In my last few posts, I have almost exclusively written about mental health. I loved blogging about Heidi Herkes and how her life-changing accident not only affected her state of mind but also her personal style. She found a way to be helpful to others and build a new life and a new identity. You can read Heidi’s story here, it really is remarkable.
This all fine and good but I thought that I should write something about fashion, seeing as this is still a fashion blog and a little variation wouldn’t hurt. I love fashion but not I’m not obsessed with it like I was in my 20s. In years gone by, I would be desperate to see the shows at London Fashion Week and I followed the trends with eager dedication. I’d often wear summer dresses in February and heavy coats in August I was hyper-keen to be the first to wear that season’s new looks. Now I’m older and wiser and I’ve realised that wearing clothes that are wildly inappropriate for the weather makes you look like a dumbass. There’s nothing chic about shivering at a bus stop, wearing a chiffon dress in the snow.
I am still influenced by trends to an extent, but only if they fit into my life and my aesthetic. My clothes have to meet a number of criteria but first and foremost, they have to be comfortable. When I was a fashion editor at an online magazine, I would totter around in spindly high heels, assuming that I needed to look the part in order to meet the demands of the job. For someone as clumsy as I am, this was a perilous endeavour and I frequently suffered spectacular accidents, most notably when I fell down the gangplank of a boat that was jam-packed with the industry’s most beautiful people. I still like a high heel, but I favour chunky ones I can walk in. I’ll occasionally wear a slim, elegant stiletto but only when I know I don’t have to walk too far or brave any seafaring vessels. I’ve realised that wearing comfortable clothing is more stylish than forcing myself into things that are an ordeal to wear.

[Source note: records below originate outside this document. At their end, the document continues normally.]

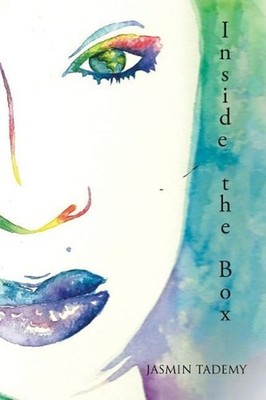 Inside the Box by Jasmin Tademy (English) Paperback Book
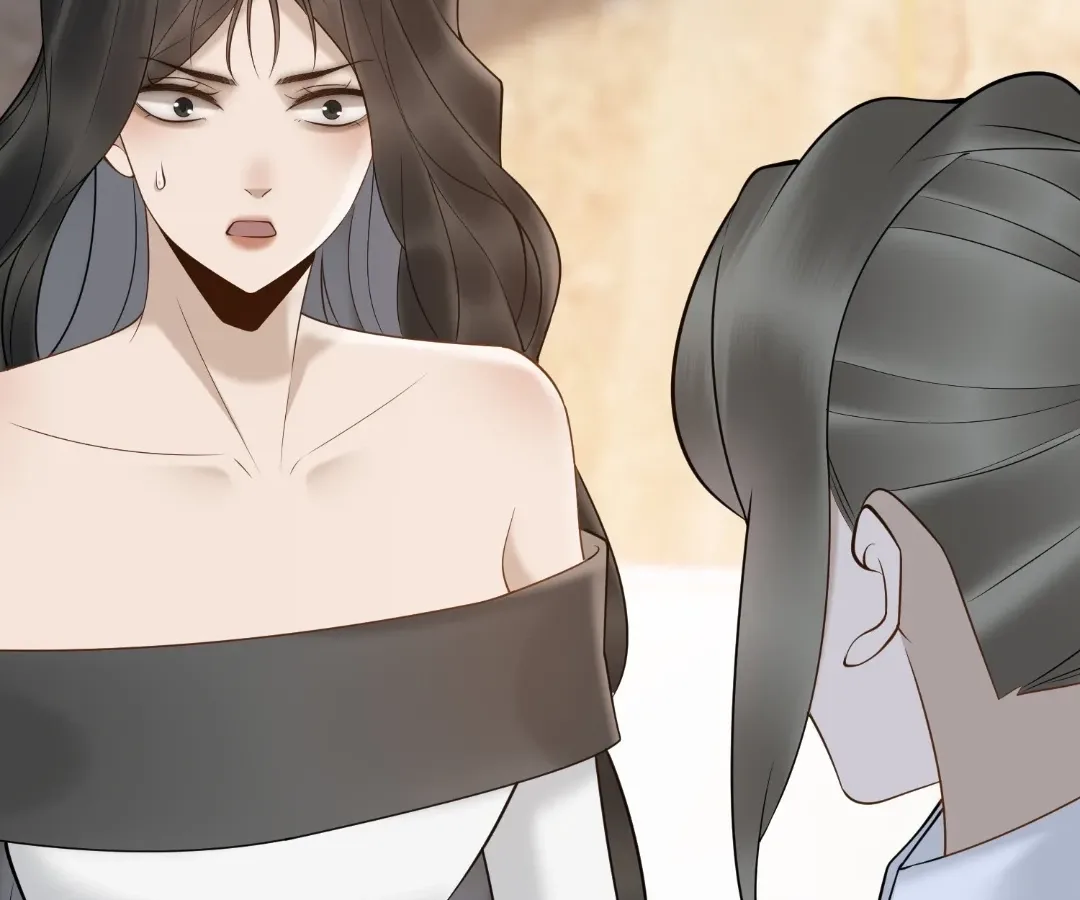The Reincarnated Young Lady’s Revenge Chapter 40 page 54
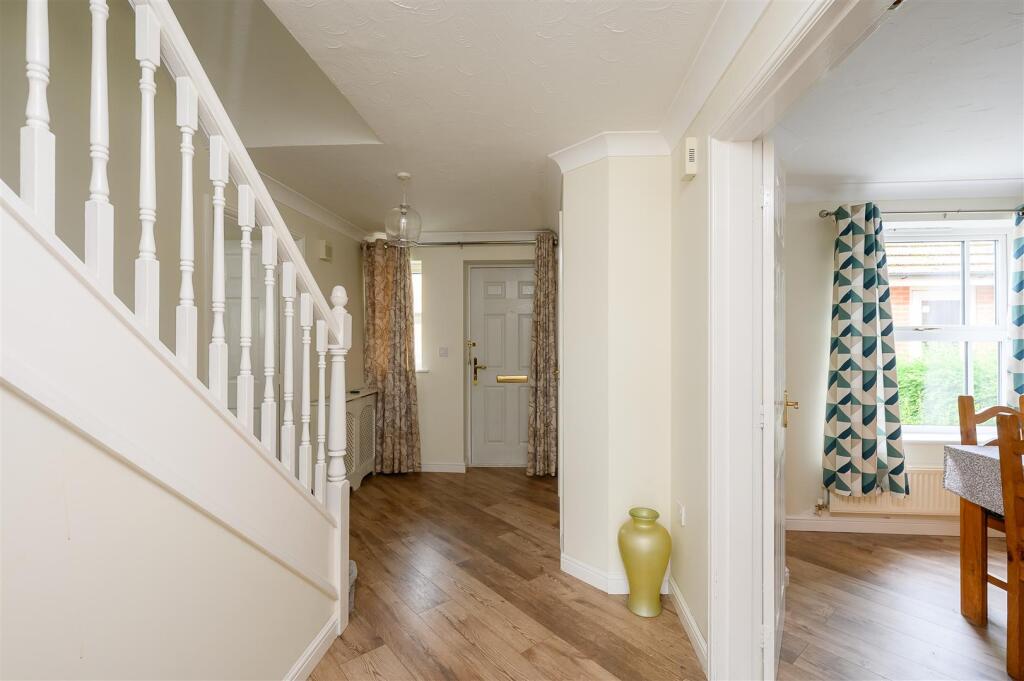 House in York, Rawcliffe - View 3
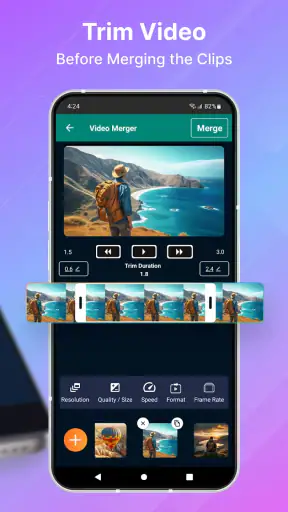 Video Jodne wala - संयोजक screenshot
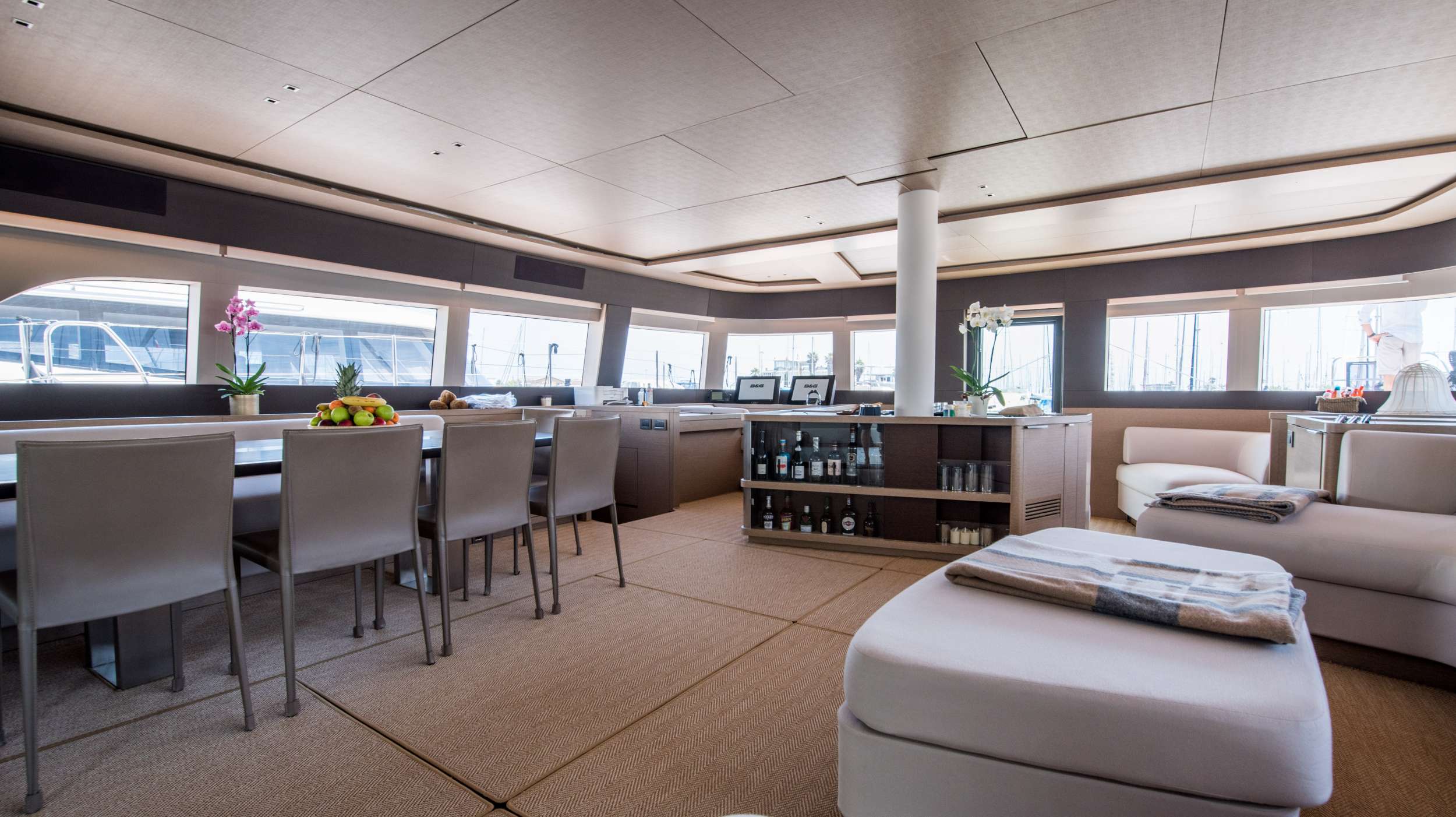 Yacht Photo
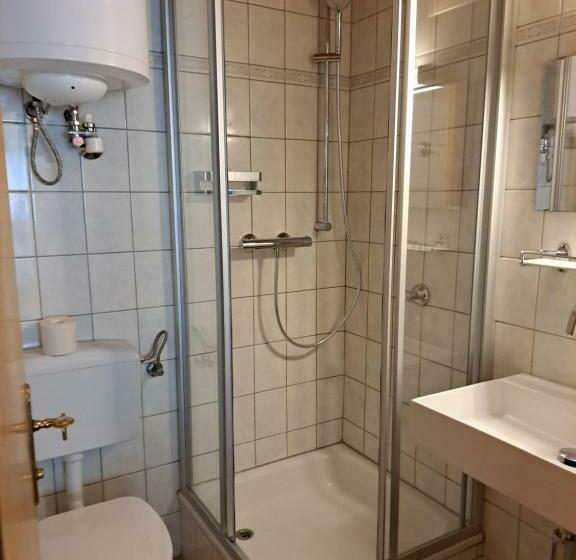 Номер Стандарт, Gästehaus Lanthaler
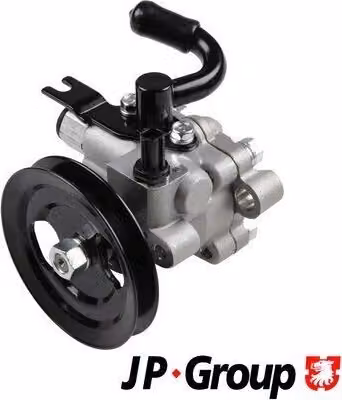 JP GROUP Servo pompa (3645100200) per KIA RIO II | Servo pompa, pompa servosterzo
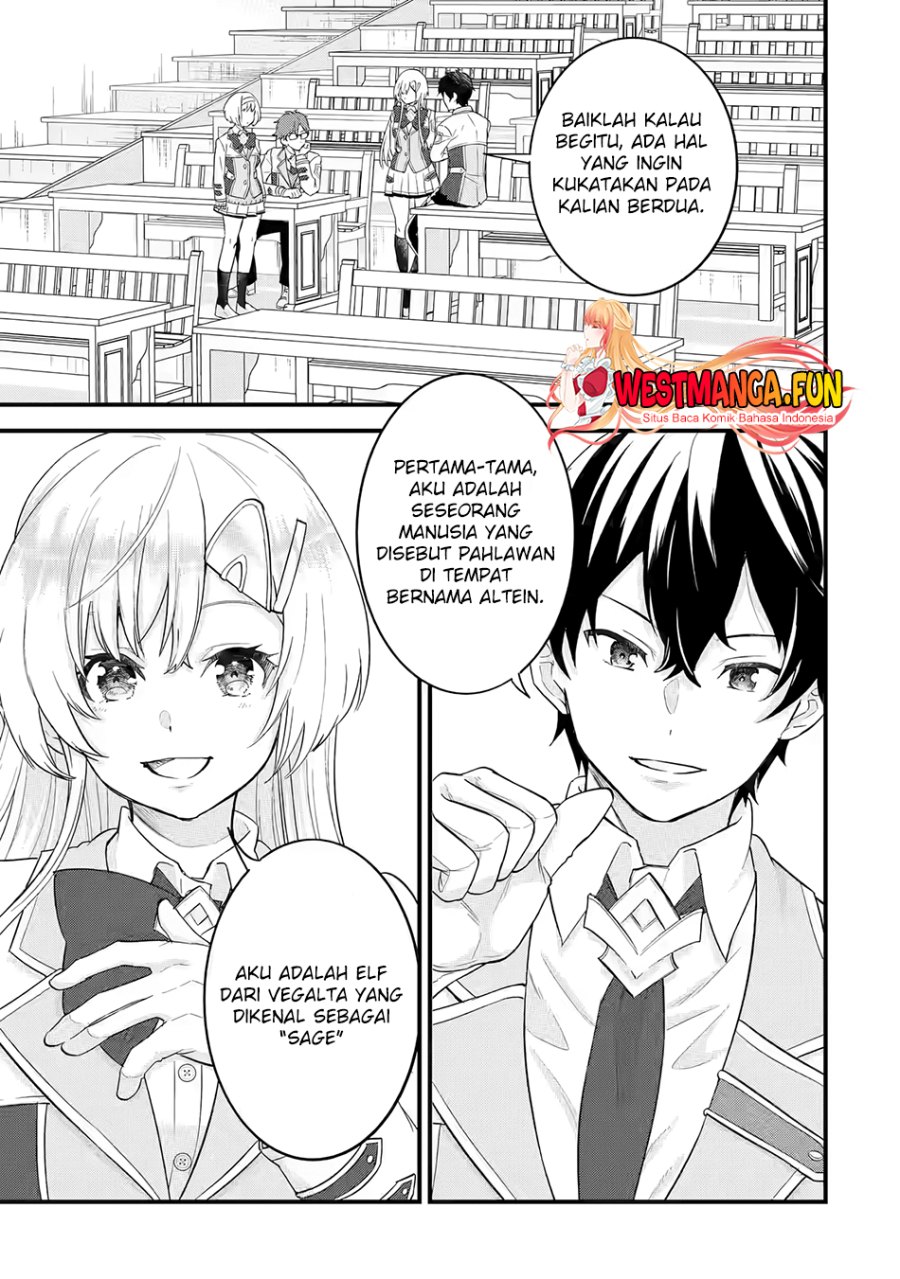 Eiyuu to Kenja no Tensei Kon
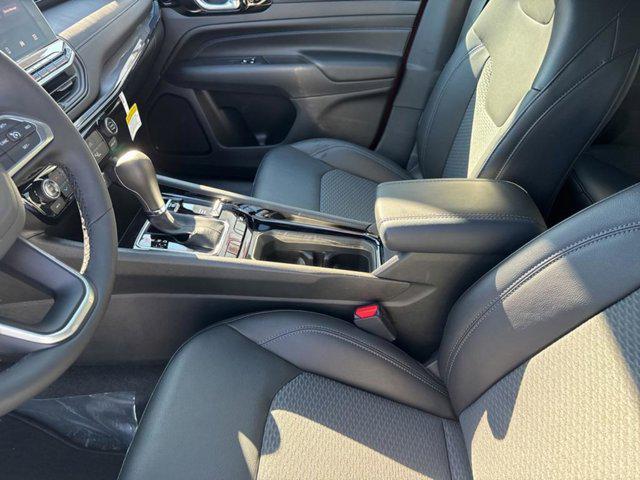 new 2026 Jeep Compass car, priced at $29,478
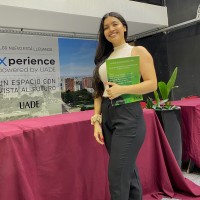 Belen Ahumada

The notion that one has to suffer to be beautiful is nothing less than patriarchal oppression and I want nothing to do with it.
I believe that personal style can be used as a form of self care but clothes should not be impractical or make you feel self-conscious. Waisting money on trendy stuff that won’t be worn more than once and does not make you feel good, is not very self-loving. Not to mention the disastrous effect this kind of over-consumption has on the environment. Sometimes it can be hard to succumb to the pressure when an item is declared to be the ‘in’ thing. In the past I’ve tried to fit into trends that don’t suit me, believing that I had to alter my body in order to conform to some arbitrary fad. When skinny jeans became trendy about 13 years ago, everyone was suddenly wearing them and I felt obliged to join in. I’m quite proud of my legs now because they’re strong and powerful, but squeezing my muscular quads and solid calves into unforgiving skinny jeans makes me feel insecure. I looked at my friends with long, slender legs and I couldn’t help but compare myself unfavourably. This was around the time I was very unwell with an eating disorder. To add fuel to the fire, it was also the era of size zero and the media had a morbid obsession with women who were (probably) not so well themselves. Thankfully there are some more healthy role models these days and I’ve realised that if a trend makes me feel like I should lose weight, it’s probably not for me.
Having a streamlined look simplifies getting dressed. For me, that’s a soft, 70s inspired boho vibe that comprises of mostly dresses and midi skirts with simple accessories. I love a print; floral and animal are my favourites. A good print is also very practical when looking after a toddler as mucky handprints are camouflaged with ease. My look is not particularly edgy and I doubt the street style photographers at Fashion Week would give me a second glance but I don’t care. Getting older has its perks – primarily the liberating delight of giving fewer shits.
This dress from Maje (currently on sale) is a great example of something that is super comfortable and fits in with my look. I don’t usually wear it with these sky high platforms (similar here and here) but it goes great with a pair of espadrilles or Birkenstocks. To me, it’s pretty much perfect; beautiful floaty fabric, intricate print, shirred waist and it can go in the washing machine. What’s not to love? I’d wear this everywhere from playgroup, to dinner with friends or a party.